Industrial Culture: Harsh, electronic, noise-based, distopian...born from the economic wastelands of '70's Britain. So how on earth did the ambient Hawaiian exotica of Martin Denny get in the frame?
Martin Denny, posing with a Tiki in the late '50's.
Denny's first album, "Exotica", was recorded in late 1956. It was the culmination of several years of playing and experimenting in Hawaiian bars like "Don The Beachcombers" and "The Shell Bar" with a small band of local musicians; Arthur Lyman (vibes, xylophone, percussion), Ugie Colon (bongos, congas, 'bird calls'), John Kramer (string bass) and Harold Chang (drums, percussion). The idea of imitating the sound of bird calls and other wildlife came by accident, after Denny noticed one night that the sound of frogs croaking loudly in the pond behind the stage was an interesting effect. Denny found that he could do a passable impersonation of frog croaks by rubbing a pencil up and down a giro. Who needs digital samplers?!
Martin Denny - Love Dance
Recorded in 3 hours and 25 minutes, "Exotica" became a huge hit in the States when released by Liberty Records early in 1957. The American public were ready to hear these new sounds, and Denny's fascinating arrangements lent themselves perfectly to the new craze for stereo recordings. "Love Dance" is the final track on the album, featuring all the essential elements of the Denny sound. I particularly like that bizarre effect that comes in at 1m46s -almost like a malfunctioning synth sound!

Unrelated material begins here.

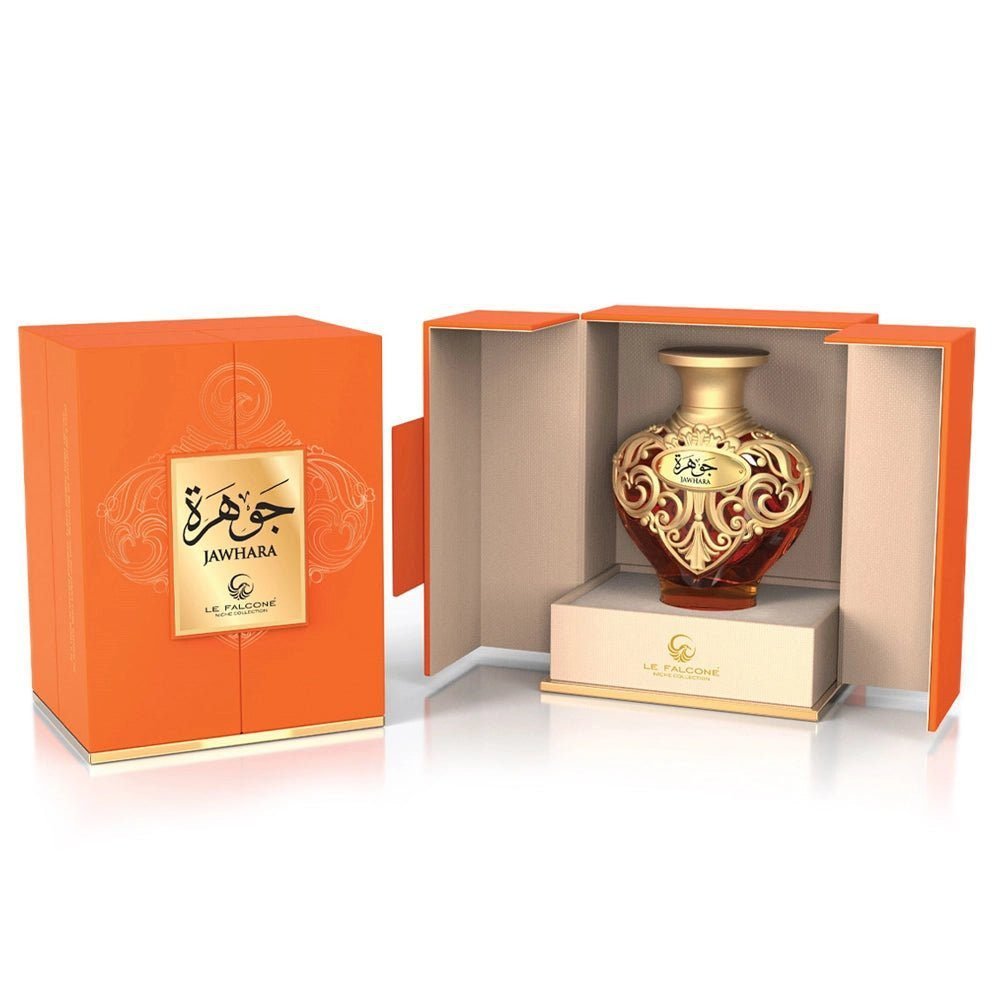 Le Falcone Jawhara EDP 100ML Women image 3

Martin Denny - Quiet Village
Denny went on to enjoy a successful recording career right through to the end of the '60s, although "Quiet Village", penned by that other exotica king Les Baxter, remains his most famous piece. This is actually a later re-recording, from the album "Exotic Moog" which was basically a cash-in on Walter Carlos' phenomenally successful "Switched-On Bach". Bloody good record, though!
Denny's music never took-off in the UK. Perhaps his 'underground' status over here was part of the appeal to the Industrial artists. When Throbbing Gristle homaged Denny on their album "20 Jazz Funk Greats" it must've seemed an improbable move at the time.

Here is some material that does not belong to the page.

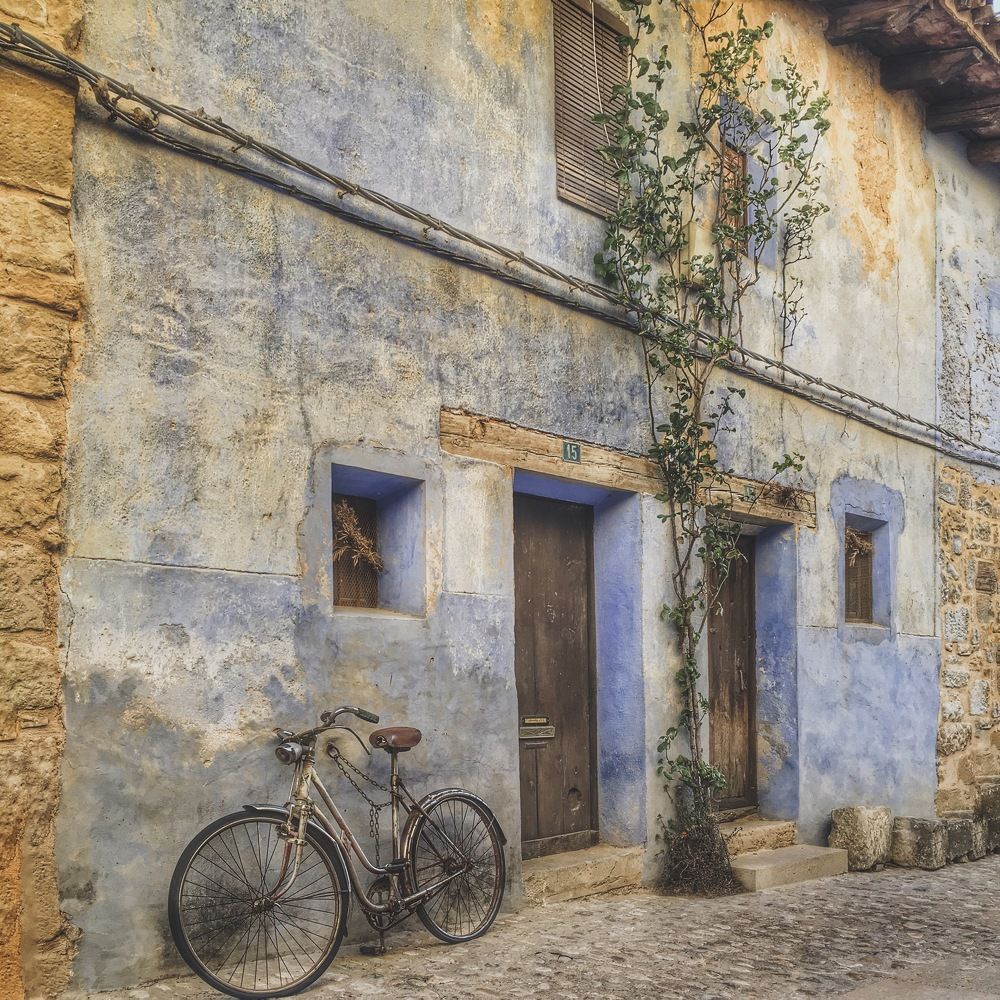 Spain be @funnyradish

Throbbing Gristle - Exotica
TG at the height of their 'Hawaiian chic' phase
Perhaps they were hipped to Denny by American noisenik Boyd Rice, a fervent admirer. As Boyd explained in Re/Search's "Industrial Culture Handbook":
"Once in a while somebody does something so personal, so much them, that it seems just completely separate from everything else. What Martin Denny did back then was completely different from anything people were doing. Later, after he became popular, a million people put out 'exotic' albums, but he was using these strange instruments and these uncliched sounds and I think it had a more direct appeal, was more genuine - at least to me. It was such a strange idea to combine primitive instrumentation with relaxing, easy-listening arrangements - can you imagine the mind that would combine those two?"

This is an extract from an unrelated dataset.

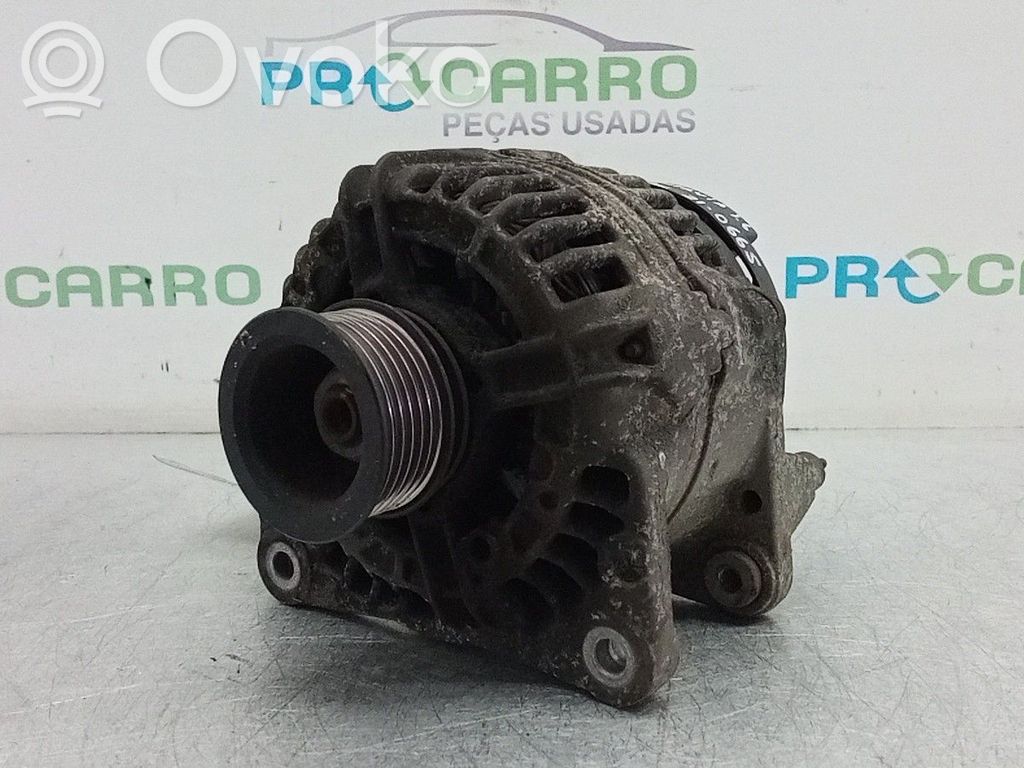 Skoda Octavia Mk1 (1U) Generatore/alternatore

Boyd Rice fulfilling a lifetime ambition to pose with the same Tiki, 25 years after Denny.
Jon Savage, writing "The Tape Decays" in 1981, mentions the Denny connection, whilst noting the earlier appropriation by Boyd and other American alternative acts:
"The Martin Denny Revival. Predating the current obsession with 40's muzak and the Specials' mood hi-fi. TG finished almost every gig with Martin Denny tapes, did a track "Exotica" in honour of his styles on "Jazz Funk Greats" and dedicated their "Greatest Hits" to Denny. TG were a little late on this one. The Screamers, Skot Armst, the Residents and Boyd Rice got there first. However, P-Orridge now has 23 Martin Denny platters. Eat your heart out!"
I remember reading something about 808 State's Graham Massey, where he recalled the revelatory experience of hearing Denny's music for the first time when Jon Savage played him some. Denny would later be an inspiration for the oceanic House of "Pacific State".
23 Skidoo - Quiet Pillage
Another UK Industrial act to record an overt homage to Denny were 23 Skidoo. This is the final track on their "Seven Songs" album. It's so close to the Denny aesthetic it's almost a piss-take. All it needed was a few light piano chords and the deception would've been complete.
I'm sure you could find plenty more examples of Denny's shadowy influence on alternative music if you dug around. I wonder if Wiley, who's already shown a strong leaning towards 'world' music, has found him yet?